DATA TO USE:
● ● ●
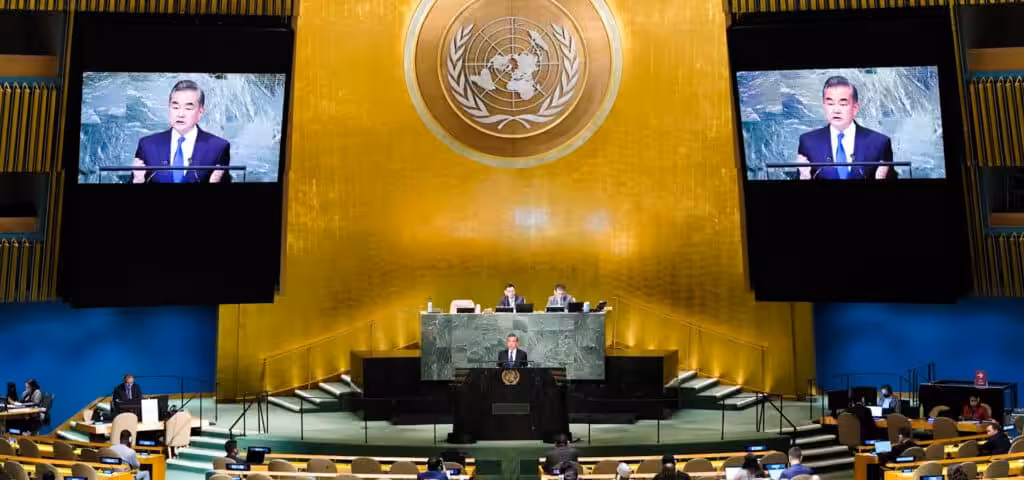 Foreign Minister of China Wang Yi addresses the 77th session of the United Nations General Assembly, Saturday, Sept. 24, 2022 at U.N. headquarters. Photo: Mary Altaffer/AP.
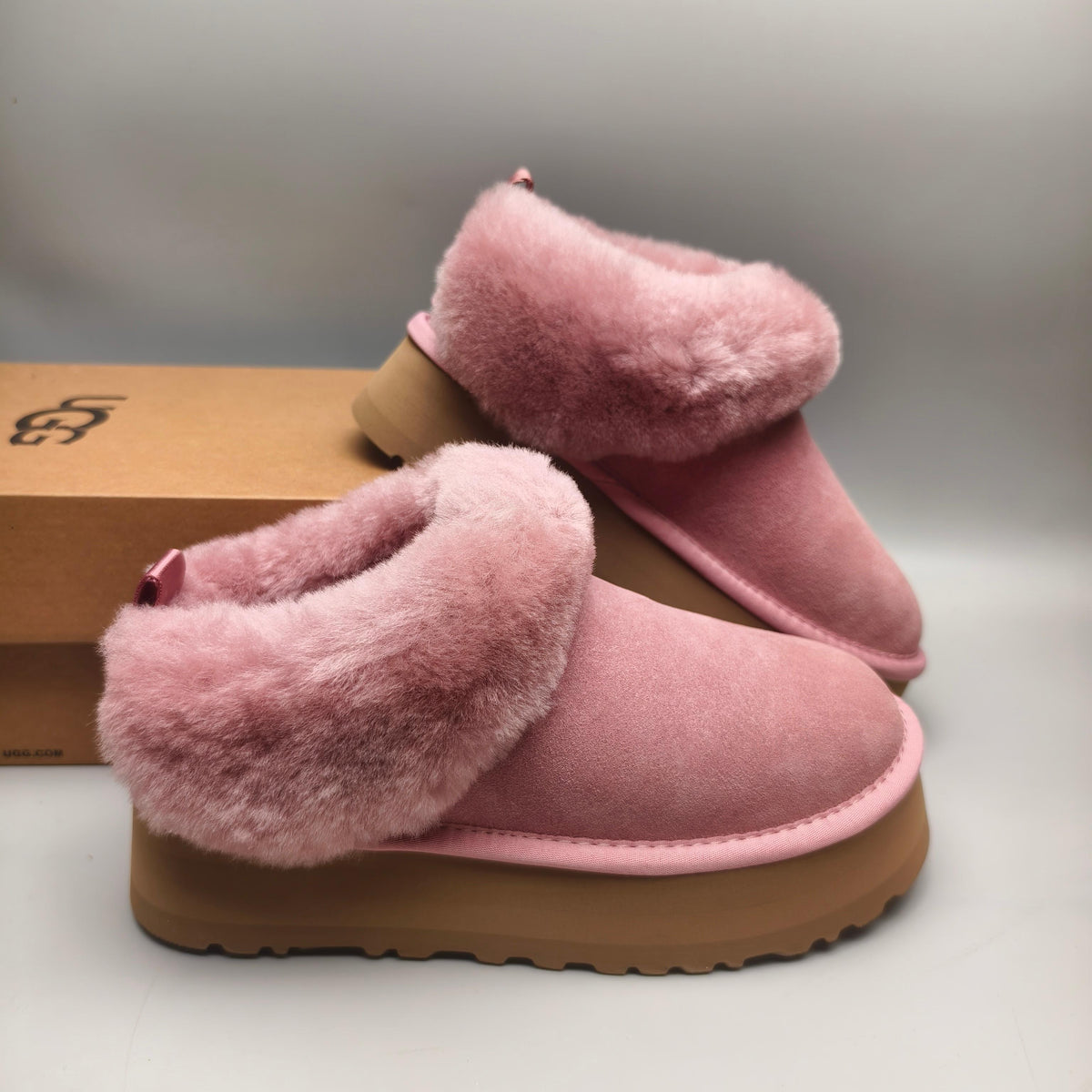 Pink Suede-Look Platform Slip-On Shoes – Model 1393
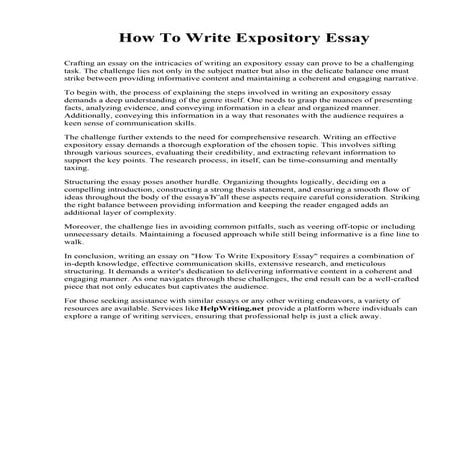How To Write Expository Essay. Franklin College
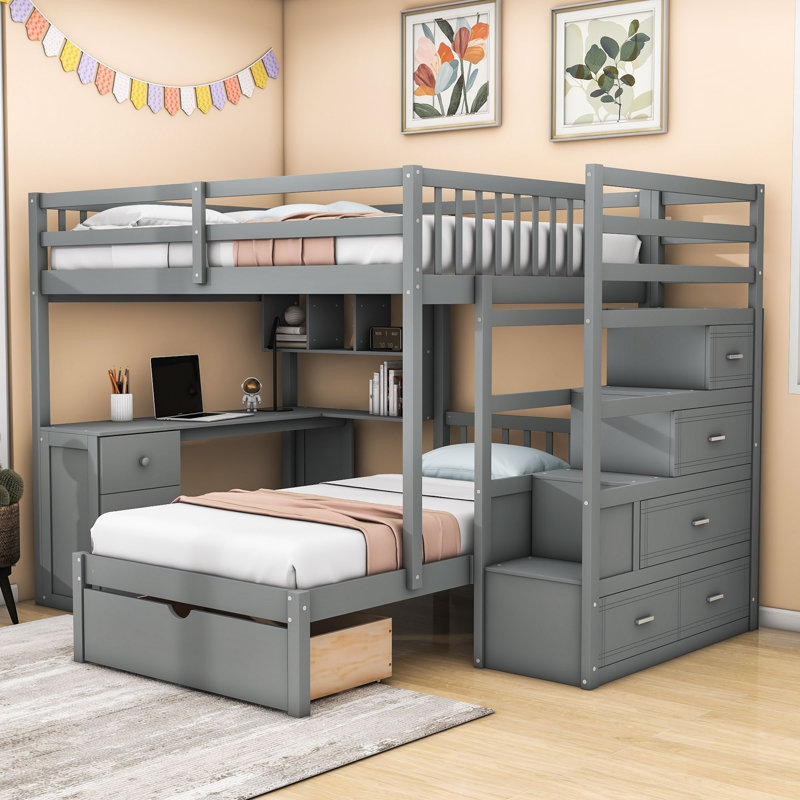 Lit superposé double au-dessus de 8 tiroirs double en bois avec bureau intégré et tablettes, gris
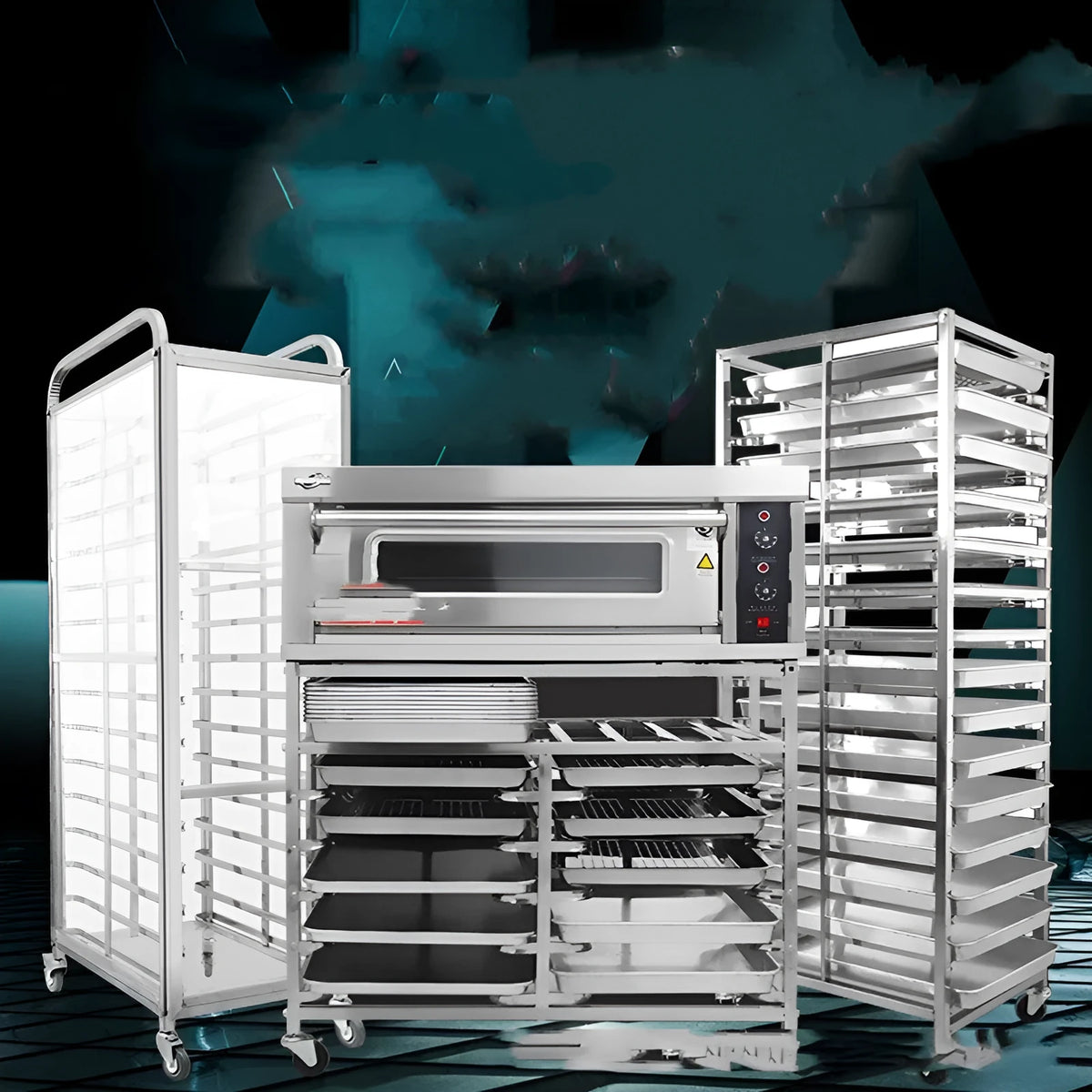 Stainless steel six-layer baking tray rack with locking mechanism and 40x60cm sheets.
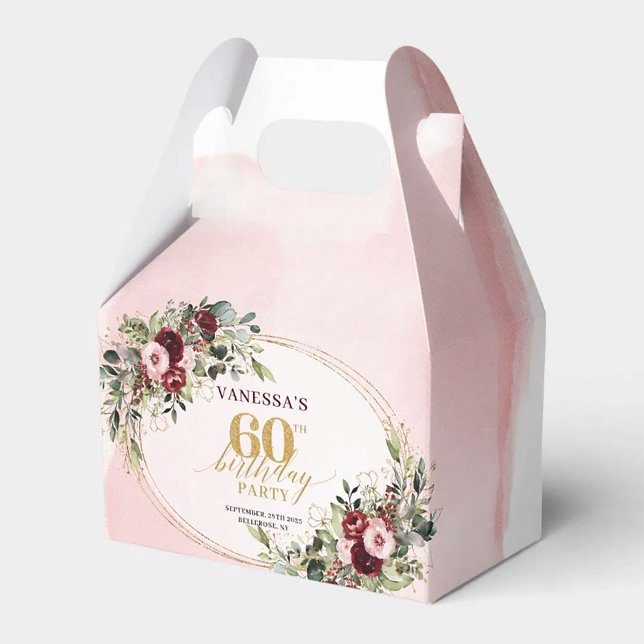 Ballotins Elegant Boho Burgundy Gold Floral 60th Favor Box (Elegant Boho Burgundy Blush Roses 60th Birthday Box

)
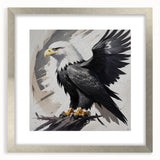Framed wall art piece displaying a vibrant bird design from the Birds of Prey collection, featuring a silver frame and matting, ideal for home decor.
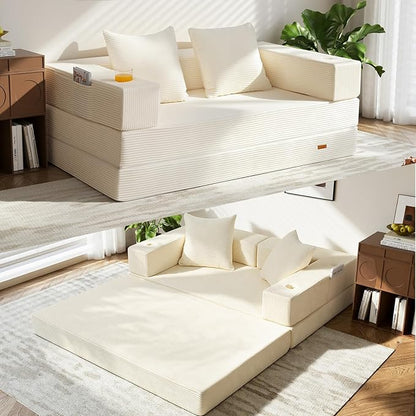 COMAX Futon Sofa Bed, 4‑in‑1 Convertible Sofa Bed, Folding Boneless Couches | Boneless Couch for living room, Fold Out Small Foldable Loveseat Floor Sleeper Mattress Lounge Space‑Saving, Beige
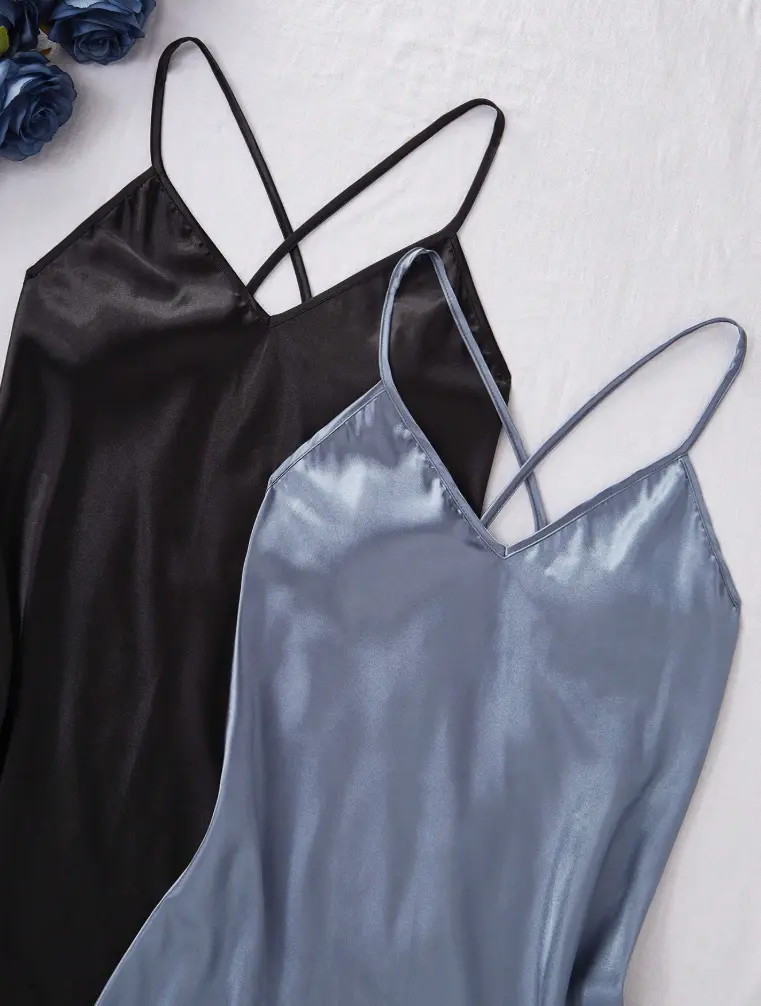 2pcs Solid Color Satin Cross-Strap Women Sleepwear Nightgown Babydoll, Bicolor Luxeloungewear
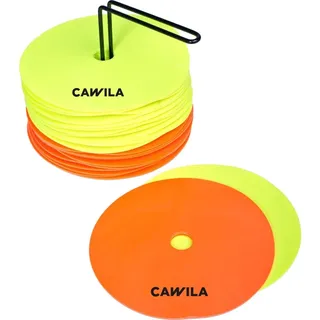 Cawila Markierungsscheiben Floormarker 24er Set inkl. Halter, 12 x orange und 12x Neongelb inkl. Träger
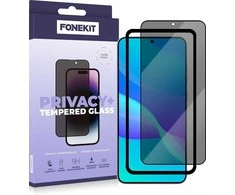 FoneKit Privacy+ pilno dangčio grūdintas stiklas, Galaxy S25+ / S24+, juodas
● ● ●
BRIEF:
Please write out the lines above exactly, from the one that contains "Stainless steel six-layer" through the final line, and include none of the pictures.

WRITTEN REPLY:
 Stainless steel six-layer baking tray rack with locking mechanism and 40x60cm sheets.
 Ballotins Elegant Boho Burgundy Gold Floral 60th Favor Box (Elegant Boho Burgundy Blush Roses 60th Birthday Box

)
Framed wall art piece displaying a vibrant bird design from the Birds of Prey collection, featuring a silver frame and matting, ideal for home decor.
 COMAX Futon Sofa Bed, 4‑in‑1 Convertible Sofa Bed, Folding Boneless Couches | Boneless Couch for living room, Fold Out Small Foldable Loveseat Floor Sleeper Mattress Lounge Space‑Saving, Beige
 2pcs Solid Color Satin Cross-Strap Women Sleepwear Nightgown Babydoll, Bicolor Luxeloungewear
 Cawila Markierungsscheiben Floormarker 24er Set inkl. Halter, 12 x orange und 12x Neongelb inkl. Träger
 FoneKit Privacy+ pilno dangčio grūdintas stiklas, Galaxy S25+ / S24+, juodas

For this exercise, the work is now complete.